Task requirements: Repeat only the lines from the one containing "(PTI Photo) Voters" to the final line below, exactly as they read, and leave every picture out.

Data segment:
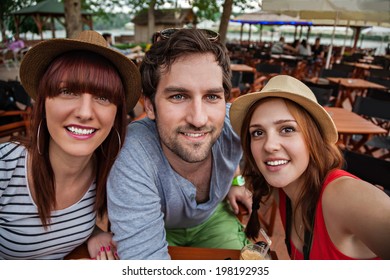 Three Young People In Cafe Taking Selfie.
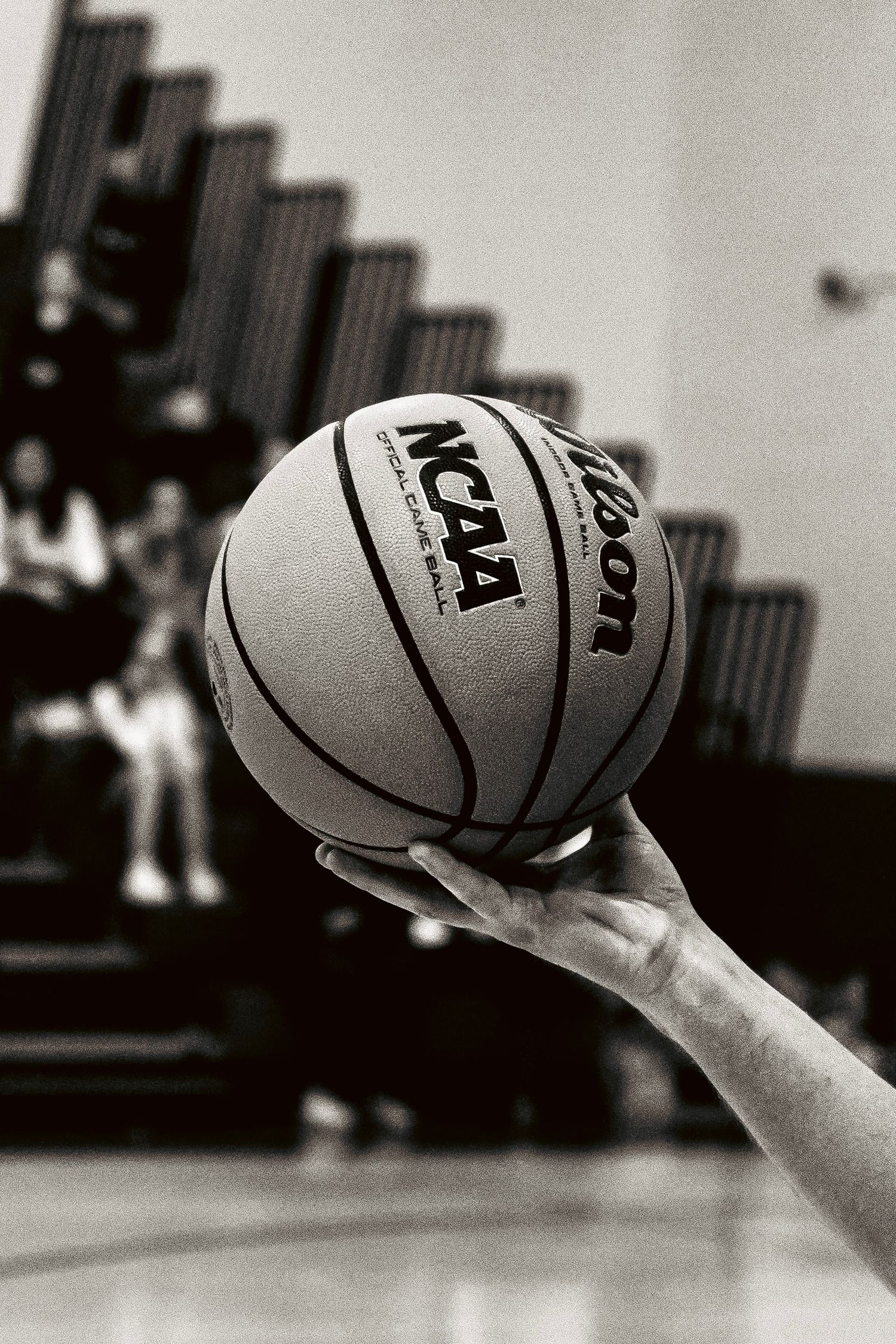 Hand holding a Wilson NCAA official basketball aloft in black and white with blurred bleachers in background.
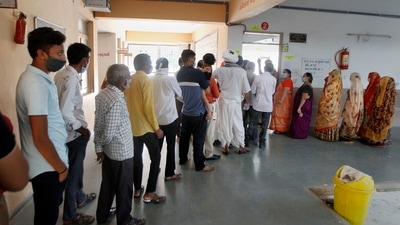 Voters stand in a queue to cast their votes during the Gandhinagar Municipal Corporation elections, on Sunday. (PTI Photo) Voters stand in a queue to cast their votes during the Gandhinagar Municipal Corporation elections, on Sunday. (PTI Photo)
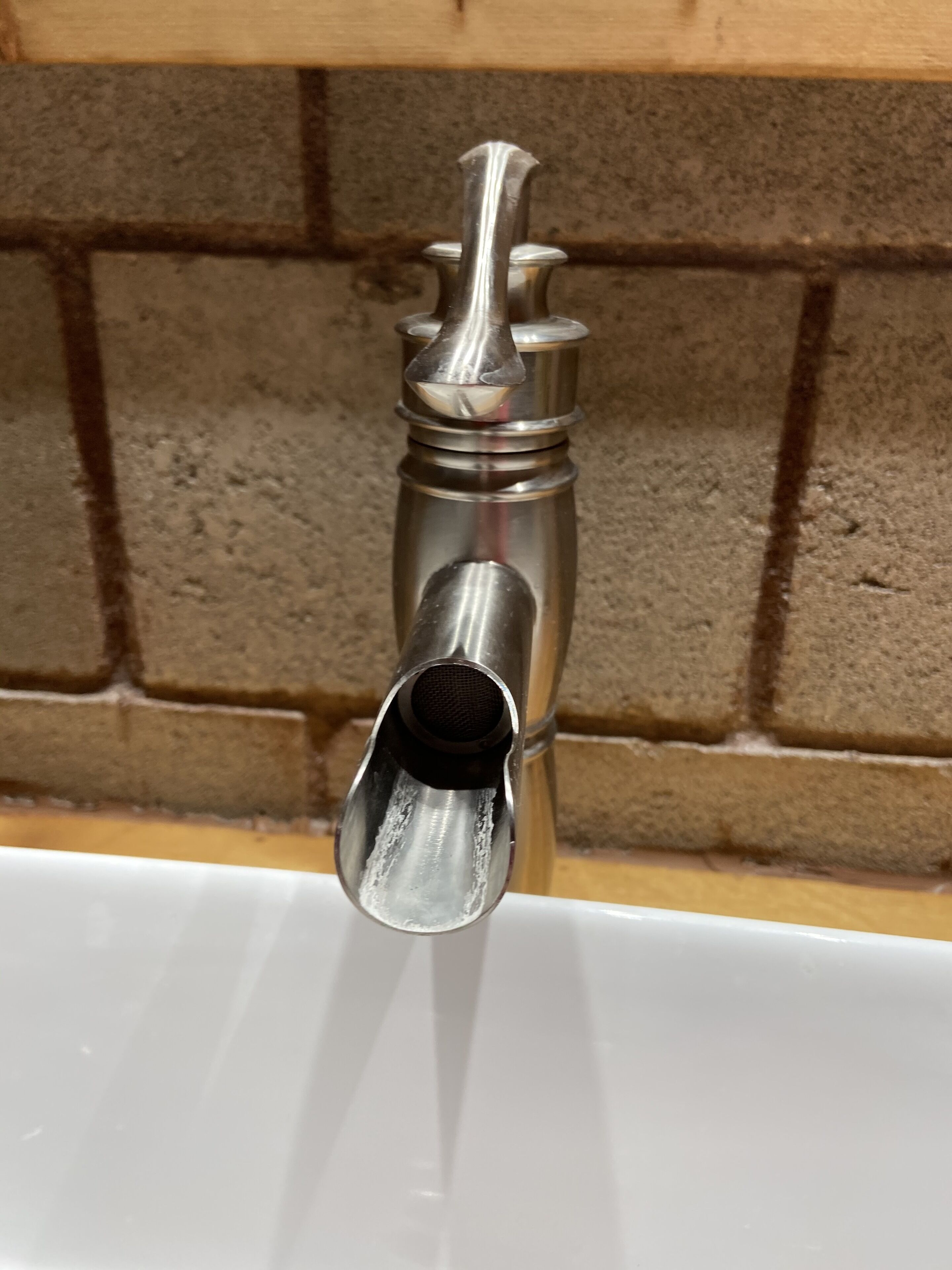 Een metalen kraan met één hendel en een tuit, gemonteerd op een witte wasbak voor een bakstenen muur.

Response:
 Voters stand in a queue to cast their votes during the Gandhinagar Municipal Corporation elections, on Sunday. (PTI Photo) Voters stand in a queue to cast their votes during the Gandhinagar Municipal Corporation elections, on Sunday. (PTI Photo)
 Een metalen kraan met één hendel en een tuit, gemonteerd op een witte wasbak voor een bakstenen muur.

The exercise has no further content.